Task to carry out:
Output only the lines from the one holding "Figure 2. Generation" to the end of the data below, please, copied exactly.

Data excerpts:
^^^^
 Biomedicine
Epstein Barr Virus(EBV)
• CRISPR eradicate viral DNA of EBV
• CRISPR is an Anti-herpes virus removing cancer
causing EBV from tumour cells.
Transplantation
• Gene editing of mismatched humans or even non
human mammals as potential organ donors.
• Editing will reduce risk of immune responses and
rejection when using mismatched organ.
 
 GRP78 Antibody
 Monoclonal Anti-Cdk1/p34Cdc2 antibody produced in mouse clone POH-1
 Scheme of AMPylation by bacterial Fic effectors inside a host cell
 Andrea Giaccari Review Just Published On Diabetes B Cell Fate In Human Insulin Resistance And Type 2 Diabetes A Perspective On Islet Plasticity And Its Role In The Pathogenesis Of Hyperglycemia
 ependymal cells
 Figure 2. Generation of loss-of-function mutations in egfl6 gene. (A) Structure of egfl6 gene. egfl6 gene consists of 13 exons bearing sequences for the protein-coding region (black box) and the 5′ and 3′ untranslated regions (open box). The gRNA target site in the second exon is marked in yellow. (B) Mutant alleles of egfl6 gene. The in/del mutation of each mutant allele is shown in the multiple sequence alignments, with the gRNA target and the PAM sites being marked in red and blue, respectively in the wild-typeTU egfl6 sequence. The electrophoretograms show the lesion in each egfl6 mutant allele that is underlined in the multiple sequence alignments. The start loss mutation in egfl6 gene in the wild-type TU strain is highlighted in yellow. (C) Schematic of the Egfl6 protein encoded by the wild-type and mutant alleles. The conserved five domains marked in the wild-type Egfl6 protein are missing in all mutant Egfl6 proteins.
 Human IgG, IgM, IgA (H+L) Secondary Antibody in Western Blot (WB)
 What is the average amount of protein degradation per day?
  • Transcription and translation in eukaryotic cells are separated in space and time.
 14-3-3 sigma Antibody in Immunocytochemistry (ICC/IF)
^^^^
Task response:
 Figure 2. Generation of loss-of-function mutations in egfl6 gene. (A) Structure of egfl6 gene. egfl6 gene consists of 13 exons bearing sequences for the protein-coding region (black box) and the 5′ and 3′ untranslated regions (open box). The gRNA target site in the second exon is marked in yellow. (B) Mutant alleles of egfl6 gene. The in/del mutation of each mutant allele is shown in the multiple sequence alignments, with the gRNA target and the PAM sites being marked in red and blue, respectively in the wild-typeTU egfl6 sequence. The electrophoretograms show the lesion in each egfl6 mutant allele that is underlined in the multiple sequence alignments. The start loss mutation in egfl6 gene in the wild-type TU strain is highlighted in yellow. (C) Schematic of the Egfl6 protein encoded by the wild-type and mutant alleles. The conserved five domains marked in the wild-type Egfl6 protein are missing in all mutant Egfl6 proteins.
 Human IgG, IgM, IgA (H+L) Secondary Antibody in Western Blot (WB)
 What is the average amount of protein degradation per day?
  • Transcription and translation in eukaryotic cells are separated in space and time.
 14-3-3 sigma Antibody in Immunocytochemistry (ICC/IF)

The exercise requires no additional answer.